The Heart of a Dove and the Hide of a Rhino: Seven Lessons for Ethical Dilemmas
In the last few months both Jeff and I have encountered challenging ethical dilemmas involving organizations and people that we really care about. What follows are a few of the important lessons for Tender Lions to be aware of, because it’s only a matter of time before you and/or your son are going to encounter a challenging ethical situation. While you can’t anticipate everything, it’s best to have your eyes wide open. Consider discussing these seven observations based on our personal experiences:
- When you “poke the bee hive” don't expect the bees to thank you. To the contrary, you’ll likely see an extreme reaction, and you’ll probably get stung. You may have just exposed a level of intellectual dishonesty, ignorance, arrogance or some combination of each. That’s embarrassing.
- People can be really smart and still have
big blind spots. I know from personal experience what that’s like. It wasn’t until
I had a blinding flash of the obvious (to others) about my own addictive and
destructive behaviors that I had any hope of seeing my own blind spots. No
amount of conversation with others was going to convince me otherwise until I
had the “aha” moment. Dietrich Bonhoeffer in his “On Stupidity (Letters from
- “Against stupidity we are defenseless. Neither protests nor the use of force accomplish anything here; reasons fall on deaf ears; facts that contradict one’s prejudgment simply need not be believed—in such moments the stupid person even becomes critical—and when facts are irrefutable they are just pushed aside as inconsequential, as incidental. In all this the stupid person, in contrast to the malicious one, is utterly self-satisfied and, being easily irritated, becomes dangerous by going on the attack. For that reason, greater caution is called for when dealing with a stupid person than with a malicious one.”
- Society is so polarized along various lines that many have lost their ability to understand right from wrong. They’re willing to defend their position or friends regardless of their actions to protect their ideology. The blind ideology trumps facts or rational thought.
- Resolving difficult ethical situations can be like “fighting with pigs.” Everyone gets dirty, and the pigs don’t care. Even with the best of intentions and clear outcomes, it’s highly likely that no one will come out on the other side a winner.
- Count on the unethical person to: a) go on the attack, and b) to avoid and deflect the real issues. Often this type of person has lost their ability to deal with their own emotional pain, and their quick fix response is to lash out. They attempt to displace their pain by causing pain for others. It’s also common that the other party will try to damage your reputation and discredit you. The deeper the issue and the longer they’ve been getting away with “it” the stronger and more violently they'll push back against being exposed.
- If you’re going to enter the fray, be ready to stay in it for the long haul.
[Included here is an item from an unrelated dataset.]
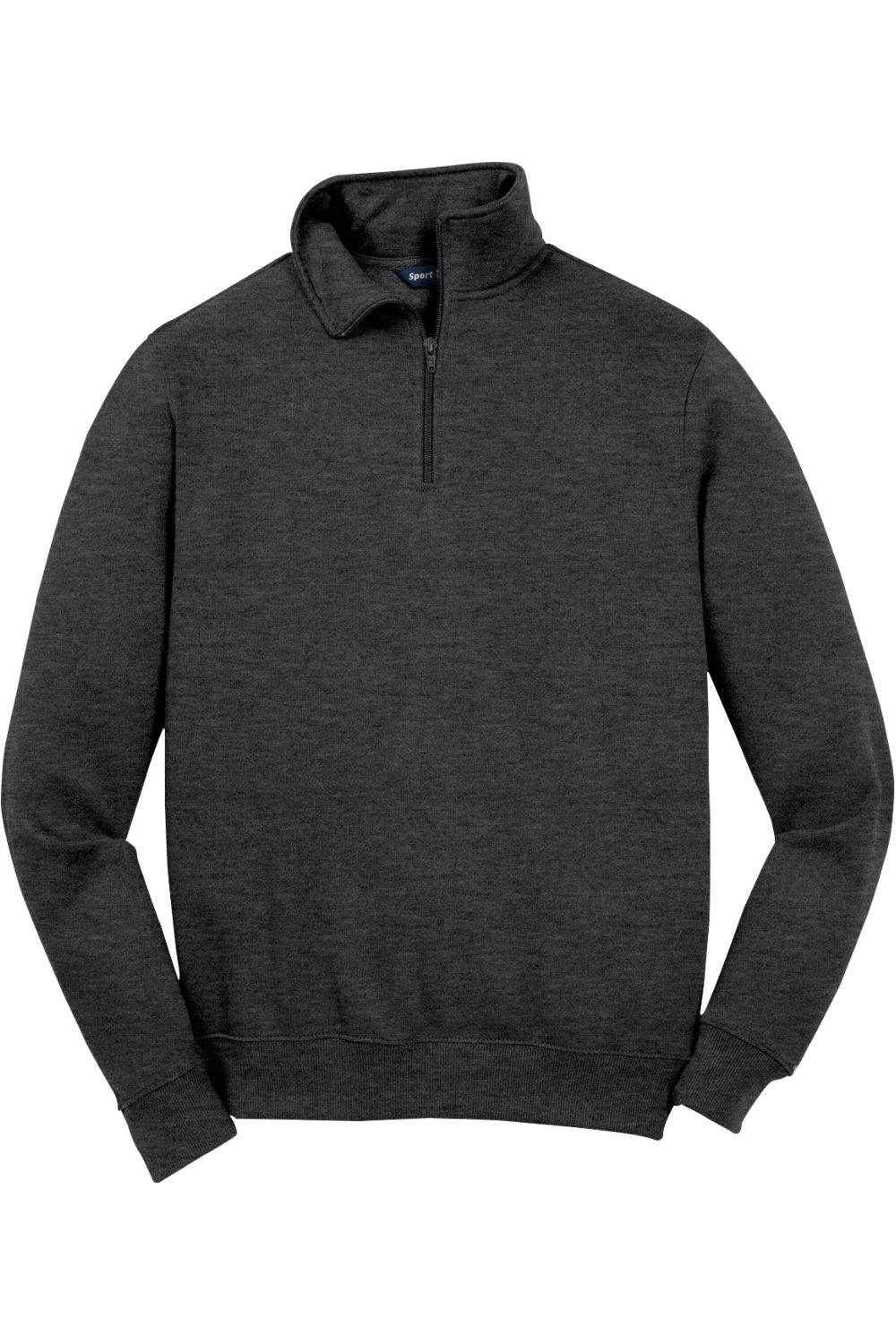 Sport-Tek Tall 1/4-Zip Sweatshirt in Graphite Heather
People who are driven by shaky motives, and do it regularly, know that most people don’t have the stomach, courage or resilience to stay at it. Thus, most people give up and go home…that’s what the other party is counting on.
- Don’t count on the one who’s had their mistake exposed to ever admit their error. Unfortunately, little or no progress can be made with one’s heals dug in.
Before you decide to poke the bee hive explore the implications, and understand that this may be a long and emotionally draining ordeal. And…and…ask yourself what truly is at stake? Will the organization be permanently damaged? What matters most…the relationships, the organization’s reputation, who they serve, your own integrity?
I can see that there’s a fair amount of irony in these situations, because both parties may appear to be behaving badly. What will become clear over time is which party has the pure motives, and desires the best for the organization and the people involved. Admitting one’s own mistakes takes courage and a big dose of emotional health. This is the only path to true restoration of relationships, building of trust and improving the culture.
I encourage you to be an example that your son will be able to say, “My dad took the high road, my dad did the right thing, my dad stayed true to his values and faith. It was not easy, but it was the right thing to do.” I remember a professor of mine, Stephen Schmidt, who withstood many slings and arrows in a tough ethical situation being described as a leader with the heart of a dove and hide a rhino. That might just be what it takes in tough ethical situations. I like that!